(Short descriptive text snippets)
•••••

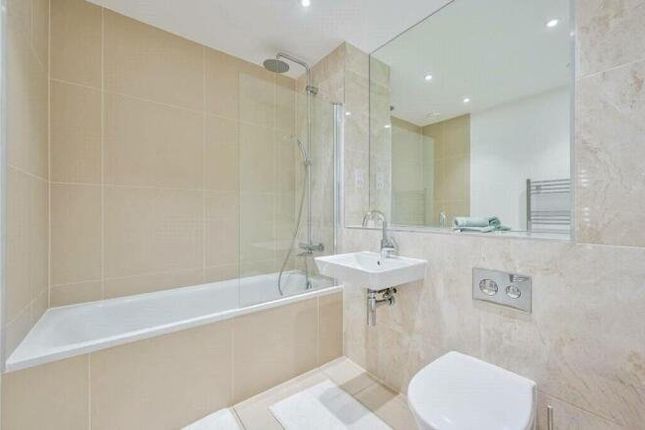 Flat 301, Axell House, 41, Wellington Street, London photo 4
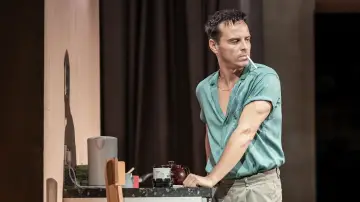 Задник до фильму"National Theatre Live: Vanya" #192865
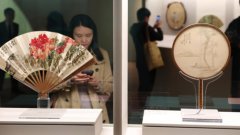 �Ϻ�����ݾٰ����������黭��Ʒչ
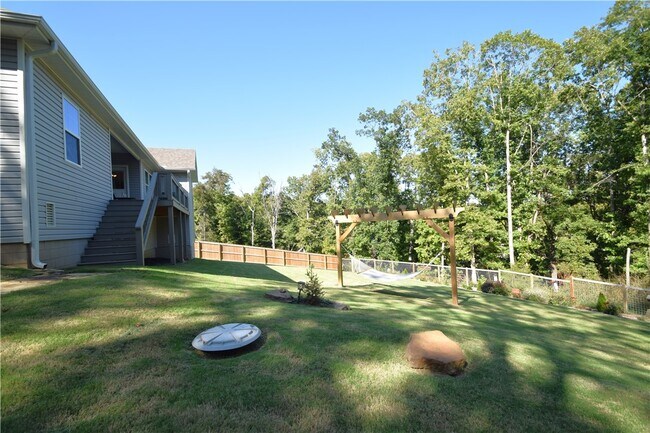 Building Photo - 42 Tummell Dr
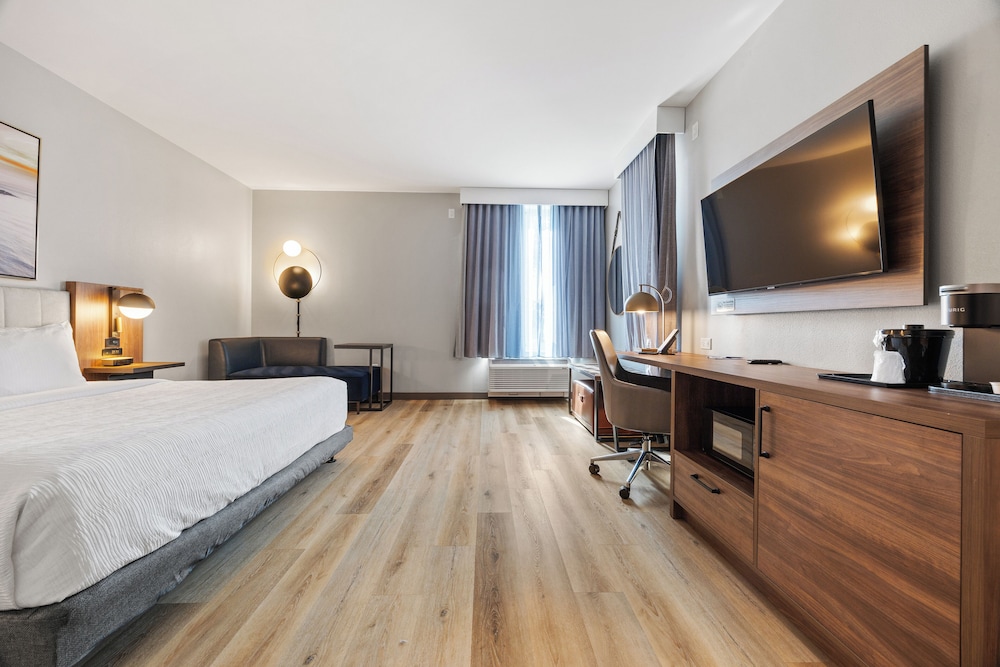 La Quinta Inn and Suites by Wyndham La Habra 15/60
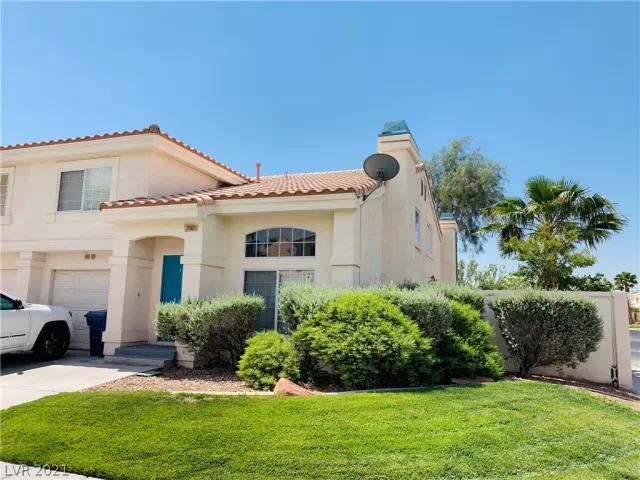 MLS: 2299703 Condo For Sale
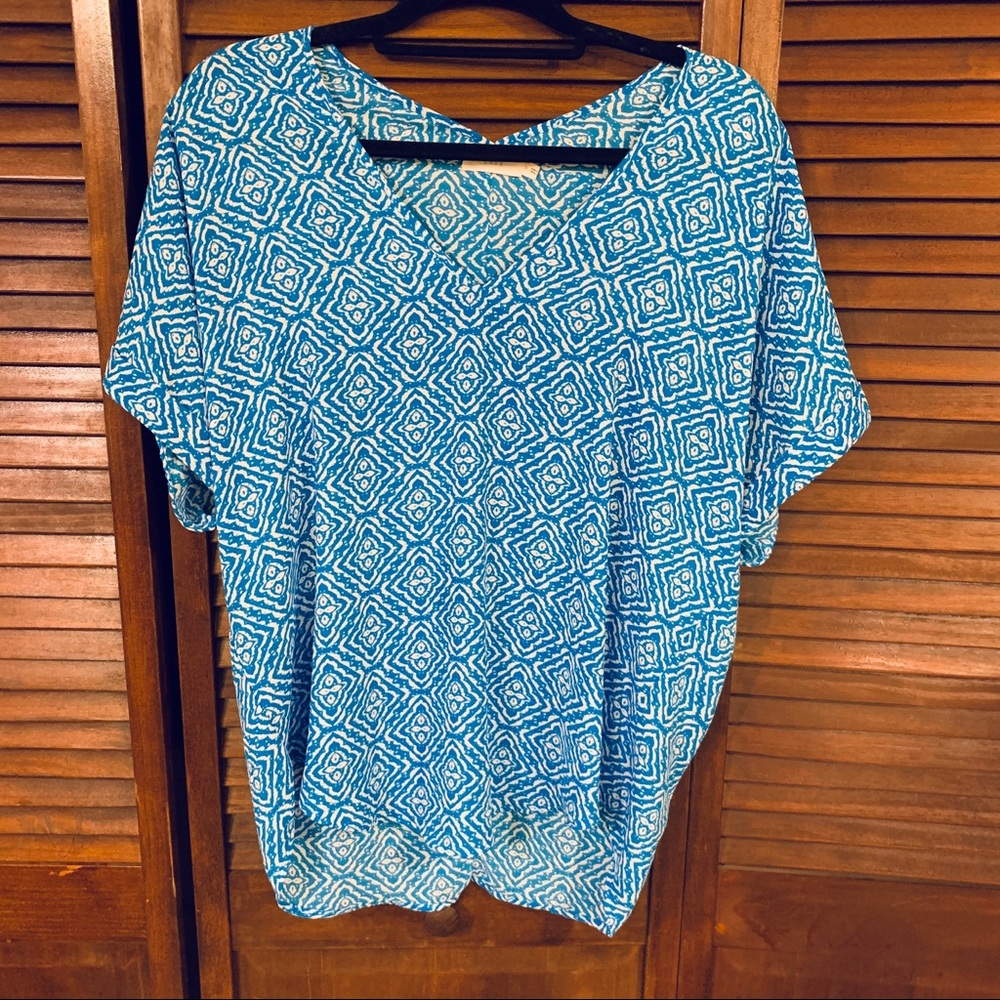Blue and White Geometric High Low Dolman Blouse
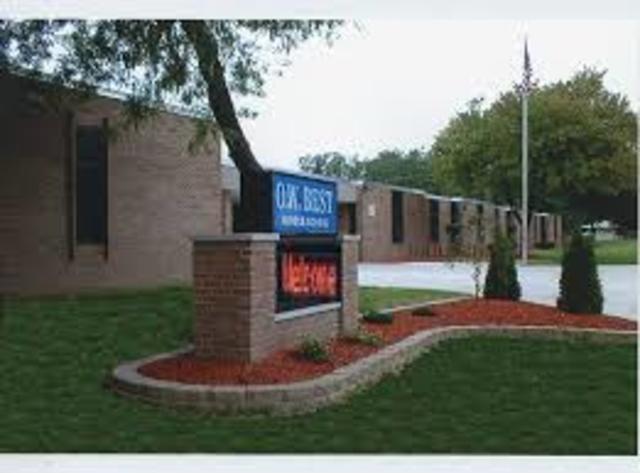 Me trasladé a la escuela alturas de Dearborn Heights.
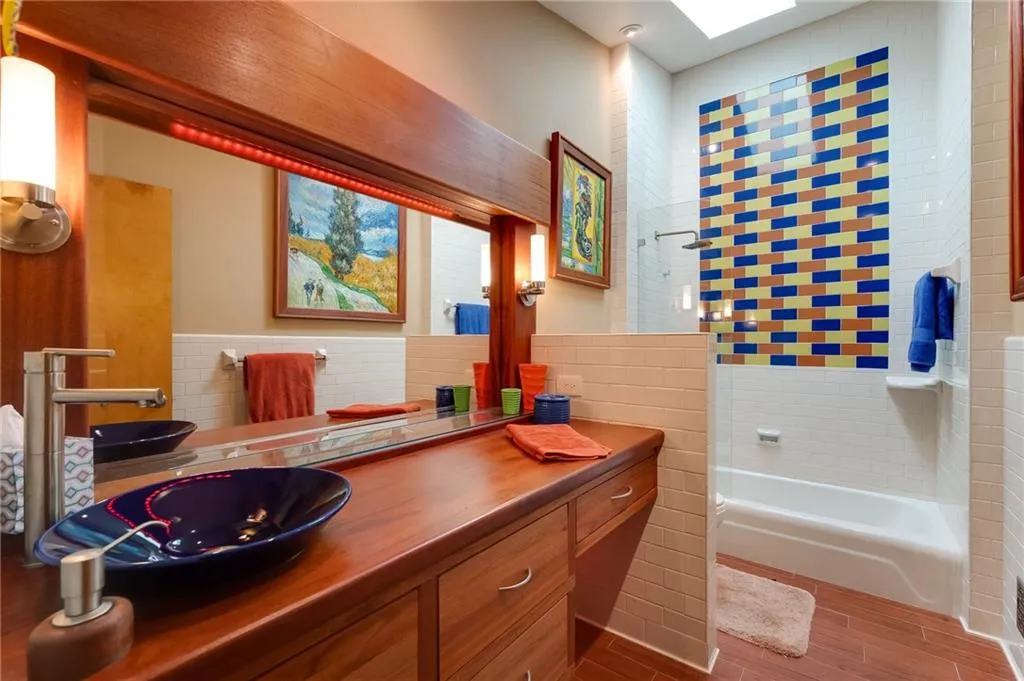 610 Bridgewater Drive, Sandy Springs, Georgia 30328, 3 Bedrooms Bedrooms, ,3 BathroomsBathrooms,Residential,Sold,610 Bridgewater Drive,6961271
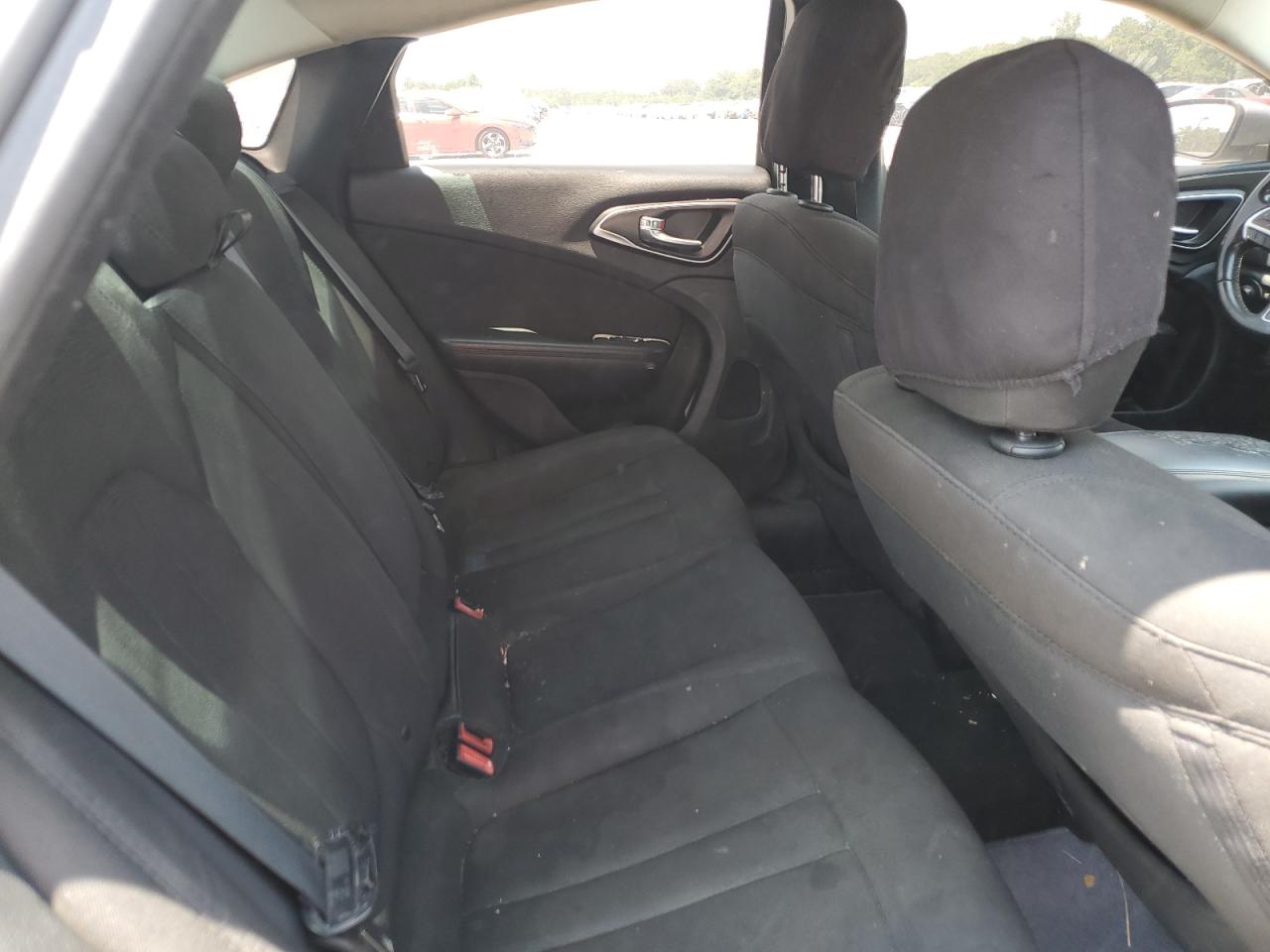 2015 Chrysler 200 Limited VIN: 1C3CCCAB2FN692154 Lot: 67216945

•••••

[REQUIREMENT] Word for word, restate all of the data, but do not copy the pictures.

[ANSWER SECTION]
 Flat 301, Axell House, 41, Wellington Street, London photo 4
 Задник до фильму"National Theatre Live: Vanya" #192865
 �Ϻ�����ݾٰ����������黭��Ʒչ
 Building Photo - 42 Tummell Dr
 La Quinta Inn and Suites by Wyndham La Habra 15/60
 MLS: 2299703 Condo For Sale
Blue and White Geometric High Low Dolman Blouse
 Me trasladé a la escuela alturas de Dearborn Heights.
 610 Bridgewater Drive, Sandy Springs, Georgia 30328, 3 Bedrooms Bedrooms, ,3 BathroomsBathrooms,Residential,Sold,610 Bridgewater Drive,6961271
 2015 Chrysler 200 Limited VIN: 1C3CCCAB2FN692154 Lot: 67216945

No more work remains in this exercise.